In dergelijke gevallen is de delegatie van bevoegdheden op het gebied van intellectuele eigendom als bedoeld in SEC(2001) 1397 van toepassing en wordt er een besluit van de Commissie vastgesteld.
Artikel 11
Interdepartementale groep
Er wordt een interdepartementale groep opgericht die wordt voorgezeten door de directeur-generaal die verantwoordelijk is voor de administratieve uitvoering van besluiten in verband met intellectuele-eigendomsrechten bij de Commissie. De groep bestaat uit vertegenwoordigers van de directoraten-generaal en diensten van de Commissie. De groep bespreekt kwesties van gemeenschappelijk belang en stelt, tenzij de voorzitter dit onnodig acht, overeenkomstig artikel 12 verslagen op over de uitvoering van dit besluit.
Artikel 12
Evaluatie
Dit besluit wordt voor het eerst drie jaar na de vaststelling ervan en vervolgens om de vijf jaar geëvalueerd.
Artikel 13
Bekendmaking
Dit besluit wordt bekendgemaakt in de C-serie van het Publicatieblad van de Europese Unie.
Gedaan te Brussel, 8 december 2021.
Voor de Commissie
Mariya GABRIEL
Lid van de Commissie
(1) Mededeling aan de Commissie, “Open Source Software Strategy 2020-2023 – Think Open”, 21 oktober 2020, C(2020) 7149 final.
(2) Uitvoeringsbesluit (EU) 2017/863 van de Commissie van 18 mei 2017 tot actualisering van de licentie voor opensourcesoftware EUPL met het oog op de verdere vergemakkelijking van het delen en hergebruiken van software die door overheidsdiensten wordt ontwikkeld (PB L 128 van 19.5.2017, blz. 59).

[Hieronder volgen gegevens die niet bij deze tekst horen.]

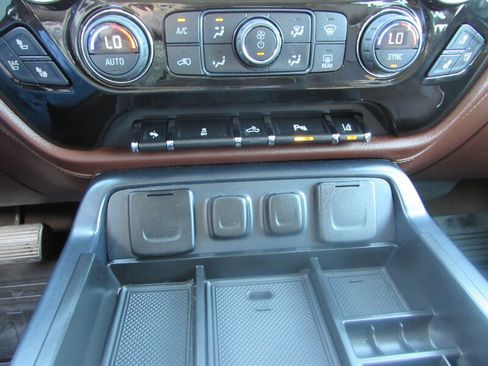 Used 2014 Chevrolet Silverado 1500 High Country w/ High Country Premium Package AWD/4WD image 26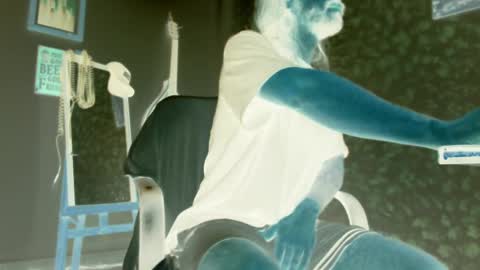 Snapshot of wake_and_bakee chatting on October 8, 6:05 pm John online show from October 8, 6:05 pm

(3) Besluit 2011/833/EU van de Commissie van 12 december 2011 betreffende het hergebruik van documenten van de Commissie (PB L 330 van 14.12.2011, blz. 39).
(4) Richtlijn (EU) 2019/1024 van het Europees Parlement en de Raad van 20 juni 2019 inzake open data en het hergebruik van overheidsinformatie (PB L 172 van 26.6.2019, blz. 56).
(5) Richtlijn 2009/24/EG van het Europees Parlement en de Raad van 23 april 2009 betreffende de rechtsbescherming van computerprogramma’s (PB L 111 van 5.5.2009, blz. 16).
(6) Verordening (EG) nr. 1049/2001 van het Europees Parlement en de Raad van 30 mei 2001 inzake de toegang van het publiek tot documenten van het Europees Parlement, de Raad en de Commissie (PB L 145 van 31.5.2001, blz. 43).